I giovani al festival: fino a 14 anni, 5 euro; da 14 a 18 anni e universitari, 50% tariffa ridotta
In occasione di ogni concerto del Festival alla Classense si rinnova l’opportunità di uno speciale doppio percorso di visita - attraverso la Biblioteca stessa e il vicinissimo Museo TAMO – che attende il pubblico a partire dalle 18.30. Il percorso è accessibile su prenotazione a chi acquista il biglietto unico (10 euro) per tre visite guidate in lingua italiana al Teatro Alighieri, alla Biblioteca Classense e a TAMO. Il biglietto è disponibile presso la Biglietteria del Teatro Alighieri, Ravenna Incoming, uffici IAT e online (www.ravennafestival.org).

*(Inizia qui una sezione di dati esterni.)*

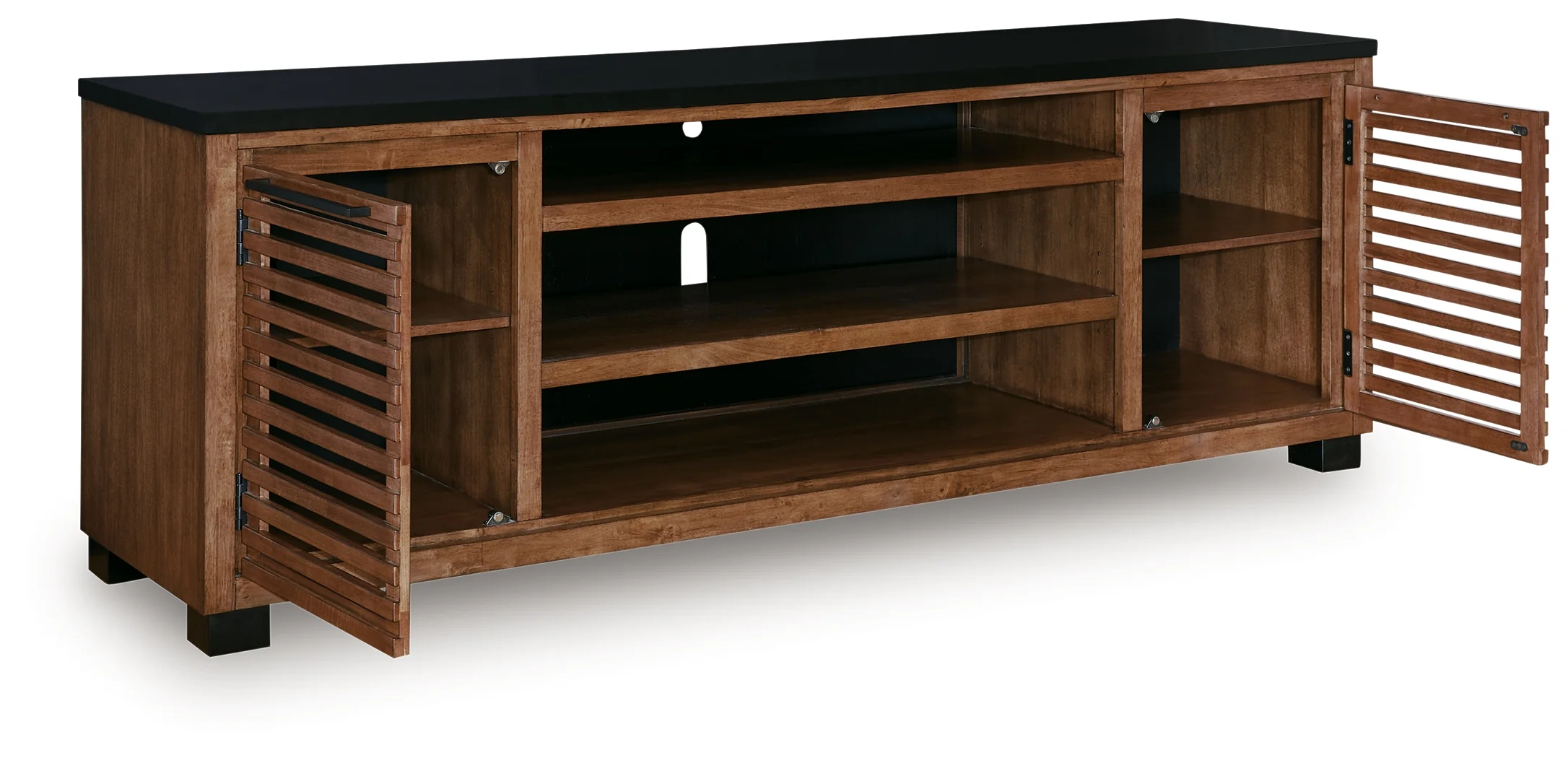 Kallari Warm Brown/Black 84" TV Stand - Image 3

Disponibile il giorno di visita anche biglietto ridotto a 7 euro per la sola visita a Classense e TAMO. Info e prenotazioni: visiteguidate@ravennaincoming.it | +39 0544 482838/35404
15 giugno Chiostro della Biblioteca Classense, ore 21.30
Il canto ritrovato della cetra
Lo splendore di Aleppo
Canti d’amore e di lode delle comunità siro-cristiana, armena, musulmana e giudaica
Razek-François Bitar controtenore
Salim Saroueh violino
Nabil Hilaneh oud
Georges Saade riqq e darbuqa
narrazione Paolo Scarnecchia
Cinque anni sono bastati a ridurre una città come Aleppo, che per secoli ha colpito i viaggiatori per ricchezza culturale e cosmopolitismo, in un cumulo di macerie, da cui la popolazione è ora in gran parte fuggita. Simbolo della musica di tutto il Vicino Oriente, Aleppo non aveva eguali per il patrimonio di canti liturgici e devozionali cristiani e delle comunità siriache e armene, ed era nota per la muwashshah, poesia strofica con ritornello di origine medievale, fiorita nelle corti della Spagna musulmana. Ai suoi musicisti, nati in un intreccio di culture che comprende le radici storiche della civiltà sefardita e il prezioso repertorio di canti della tradizione ebraica, e che vanta il celebre Codice di Aleppo, uno dei più antichi manoscritti del testo masoretico, in ebraico, dell’Antico Testamento, non resta che riproporne la memoria nella loro diaspora.